Russia’s new missiles are land-based, mobile, difficult to identify, rapidly employable and armed with conventional or nuclear warheads, and can strike almost any target in most European countries with little to no warning time, Mr. Mölling and Mr. Brauss wrote.

NATO members on Friday urged Russia to help preserve other arms-control agreements and joined the Trump administration in stressing that China must become a party to new multilateral agreements. China generally scoffs at such demands, claiming its nuclear arsenal is too small for anyone to worry about and its weapons are purely “defensive” in nature.

“Russia’s lack of readiness to return to compliance with the INF did not leave the United States any choice,” the foreign ministry of Poland said on Friday. Poland has long supported U.S. withdrawal from the INF treaty and said it would welcome defensive American weapons on its soil to counter the Russian threat.
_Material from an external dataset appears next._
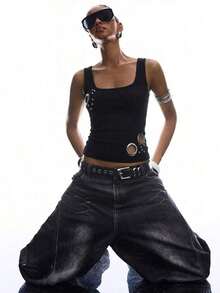 2026 Nueva Llegada, Top Minimalista Sin Mangas y Sin Espalda, Adecuado para Primavera/Verano, Estilo Hip-Hop, 100% Algodón, Top Personalizado Ajustado para Mujer, Chaleco de Algodón, Top con Botones Estilo Old Money, Tops Sexys para Damas, Top de Verano - Negro 2 - Ver 5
The 9M729 missile is a banned weapon the Russians began testing early in the Obama administration. Former President Barack Obama decided not to confront the Russians over the violation, instead opting for quiet back-channel discussions to persuade Russia to resume compliance with the INF Treaty, which prohibited the deployment of surface-to-surface missiles with certain capabilities so eastern Europe would not become festooned with missile launchers. The Obama approach proved entirely ineffective.

White House officials noted on Friday that Russia lied about its violations of the INF treaty throughout the Obama administration, but then “finally when confronted with the evidence, came clean for this in the past several months.”